Frederick Cook fue un cirujano estadounidense y un explorador polar que partió hacia el borde de lo desconocido: La Antártida. Fue la primera gran expedición científica de la Edad Heroica. El año: 1897. El barco: el Belgica.
De regreso a Sudamérica, el barco quedó atrapado en el hielo durante todo un invierno antártico, frío y sin sol. Lo poco que tenían para comer, lo comían: latas de misteriosa carne enlatada y bolas de pescado que supuestamente contenían crema. Incluso Nansen, el gato del barco, se volvió un poco loco.
Por fin, los pingüinos empezaron a acudir al barco y las aves fueron -escribió Cook- «de igual interés para el naturalista y el cocinero». Comenzó a comer pingüinos. Sabían como «un trozo de ternera, un pescado de bacalao oloroso y un pato de lona asados juntos en una olla, con sangre y aceite de hígado de bacalao como salsa», pero finalmente convenció al jefe de la tripulación para que todos comieran pingüinos. Hay que recordar que Cook era médico y que, en esencia, prescribía esta carne fresca como medicina.
Raoul Amundsen era un miembro de la tripulación, que quizás debería ser recordado no sólo por haber llegado al Polo Sur en primer lugar, o incluso por haber llegado a los dos polos en primer lugar, o por haber atravesado las aguas heladas del Paso del Noroeste. Gracias a que Amundsen y su compañero del Belgica, Frederick Cook, comieron carne de pingüino, pudieron evitar el escorbuto, una deficiencia de vitamina C que afectó a casi todos los exploradores de la Edad Heroica. Son algunos de los pocos exploradores de esa época que pueden hacer esa afirmación.
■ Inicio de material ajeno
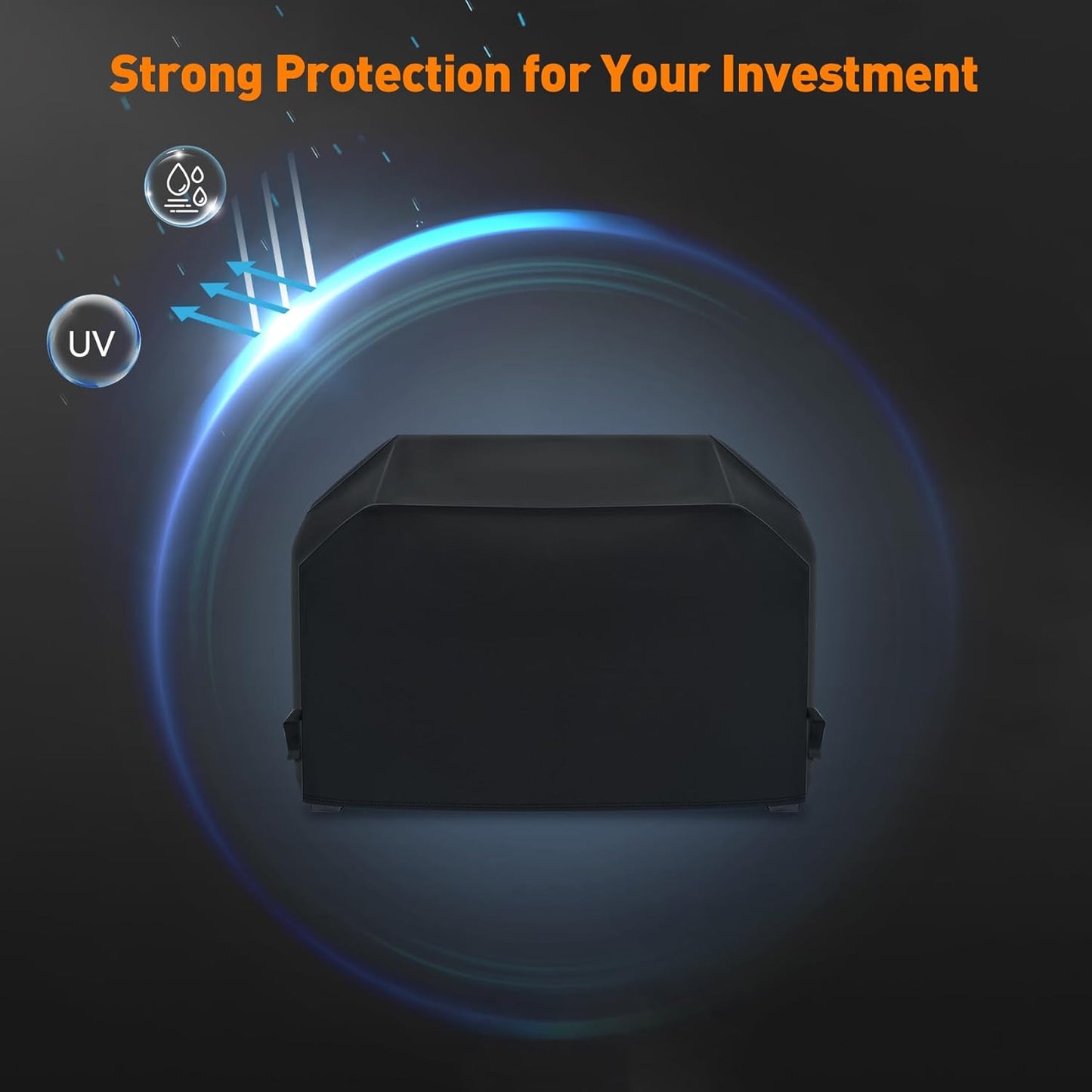 Heavy Duty 600D Polyester Grill Cover Compatible with 24 Inch Tabletop Royal Gourmet GT1001 & GT2005, Waterproof Outdoor BBQ Portable Griddle Cover CR2005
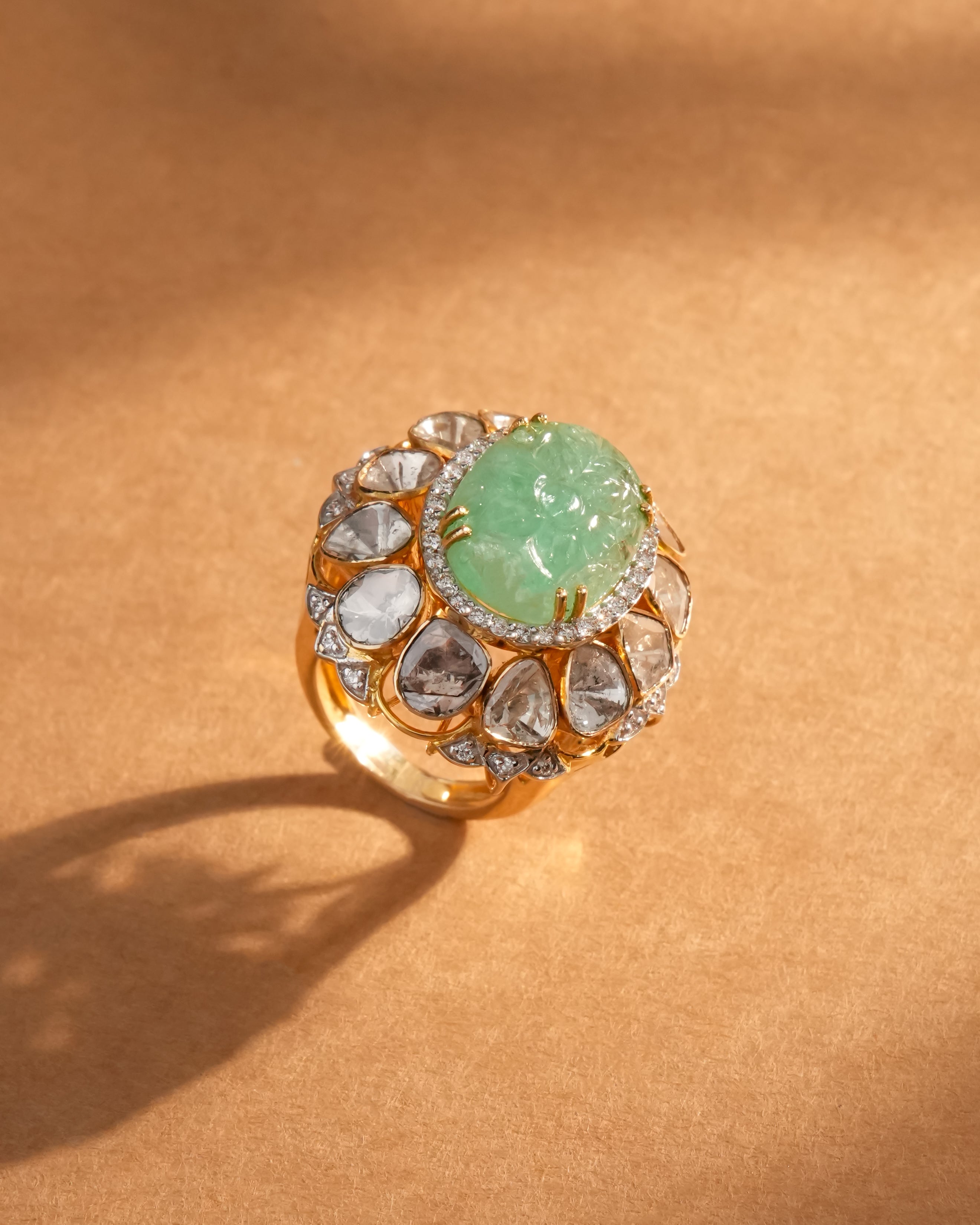 Ritika Polki And Diamond Ring - NO ORDERS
Lo que la tripulación del Belgica también descubrió fue un método novedoso para cazar las aves. Según un reciente artículo en Endeavour, Jason C. Anthony (también autor de un libro de próxima aparición sobre la cocina polar), escribe:
A finales de julio vivían principalmente de carne de pingüino, con una notable mejora en la tripulación. Gerlache, el capitán, fue el último en dar su consentimiento y, por tanto, el último en curarse, pero pronto ofreció recompensas a la tripulación por traer pingüinos para la despensa: un franco por las aves vivas y cincuenta céntimos por las muertas. Resultó ser dinero fácil. La tripulación aprendió en sus últimos meses que podía convocar tanto a los pingüinos como a las focas al barco simplemente tocando una melodía en su corneta.
Les tocaban música, casi como encantadores de serpientes polares decididos a comer las aves que encantaban. Cook informó el 16 de diciembre (p. 382):
A la hora de comer, se utiliza una corneta para convocar a los hombres, y a los pingüinos, al parecer, también les gusta la música; porque cuando la oyen se dirigen directamente al barco, y permanecen mientras dura la música, pero se marchan una vez que cesa. De este modo, sólo tenemos que esperar y aprovechar nuestra visita para obtener filetes de pingüino, que son, justo en este momento, el premio del menú.
Por supuesto, la música puede haber jugado sólo una pequeña parte en la conquista general del Polo Sur. Y, como aprendió más tarde Ernest Shackleton, no toda la música era una receta para atrapar una potencial cena de pingüinos. Como escribe Fen Montaigne en Los pingüinos de Fraser:
Uno de sus hombres sacó un banjo y empezó a tocar «It’s a Long Way to Tipperary», que, como cuenta Shackleton en South, «Los pajaritos de aspecto solemne parecían apreciar». La gaita, sin embargo, era otra historia, y cuando un miembro escocés de la expedición comenzó a tocar el instrumento nacional, los Adelies «huyeron aterrorizados y se zambulleron de nuevo en el mar».»